- Task details:
Copy out the listing in full, exactly as written, but not its pictures.
*** Information supplied Section Begins ***
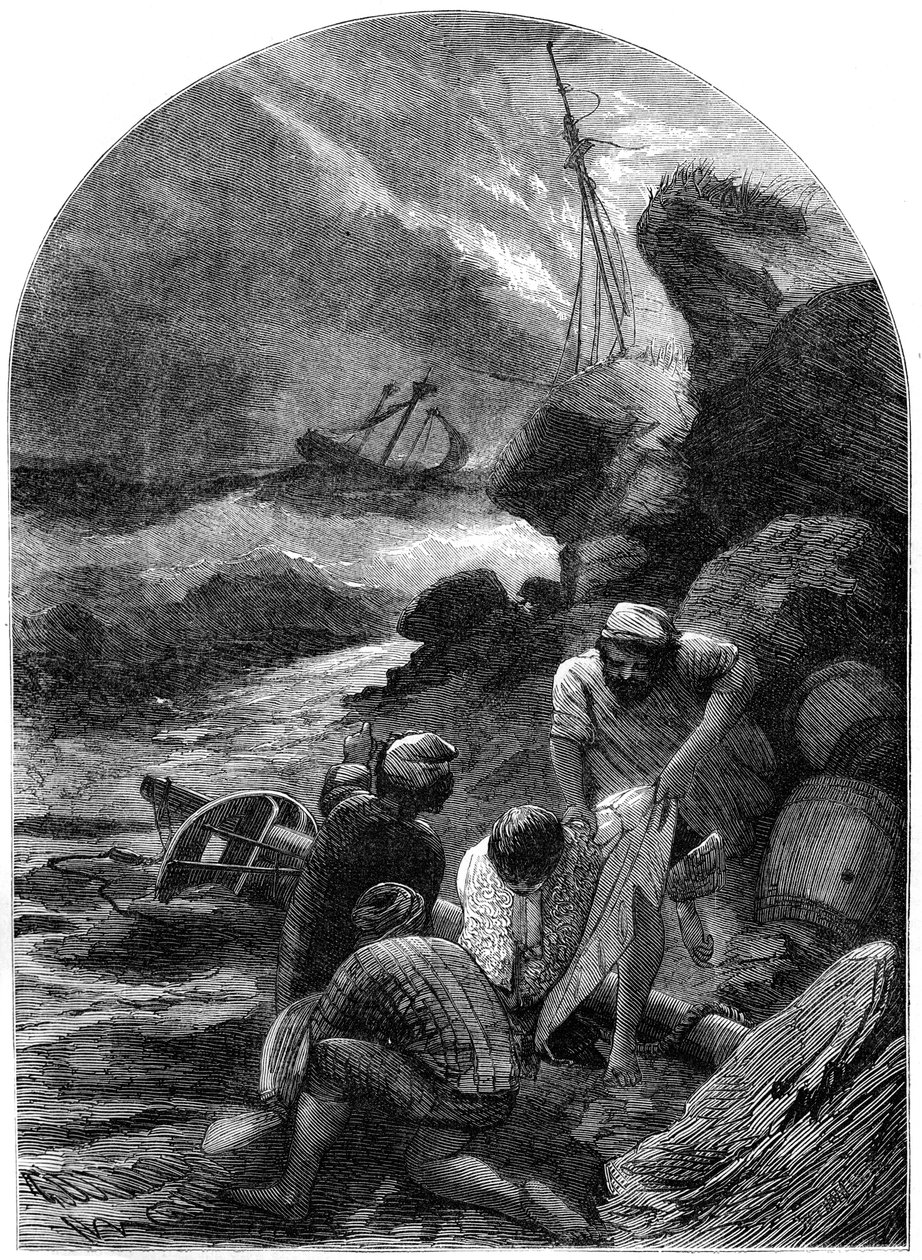 Wreckers stripper liget af Sir C Shovel, 1707, 19. århundrede af Unbekannt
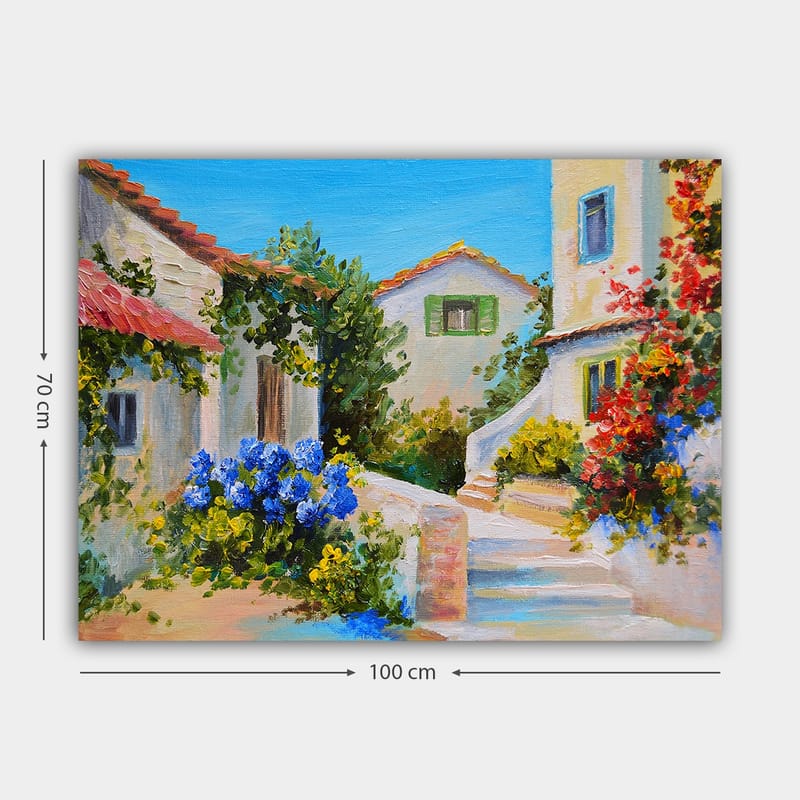 Lerretsbilde 70x100 cm - Malerisk landsbyscene med fargerike hus og blomstrende planter - Blå / Grønn / Gul - Interiør - Maleri & posters - Lerretsbilder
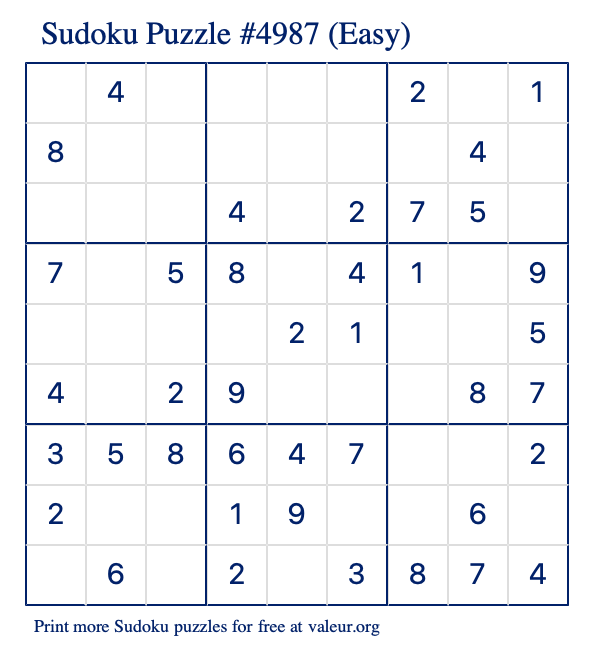 Free Printable Easy Sudoku Puzzle number 4987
*** Information supplied Section Ends ***
- Task output:
 Wreckers stripper liget af Sir C Shovel, 1707, 19. århundrede af Unbekannt
 Lerretsbilde 70x100 cm - Malerisk landsbyscene med fargerike hus og blomstrende planter - Blå / Grønn / Gul - Interiør - Maleri & posters - Lerretsbilder
 Free Printable Easy Sudoku Puzzle number 4987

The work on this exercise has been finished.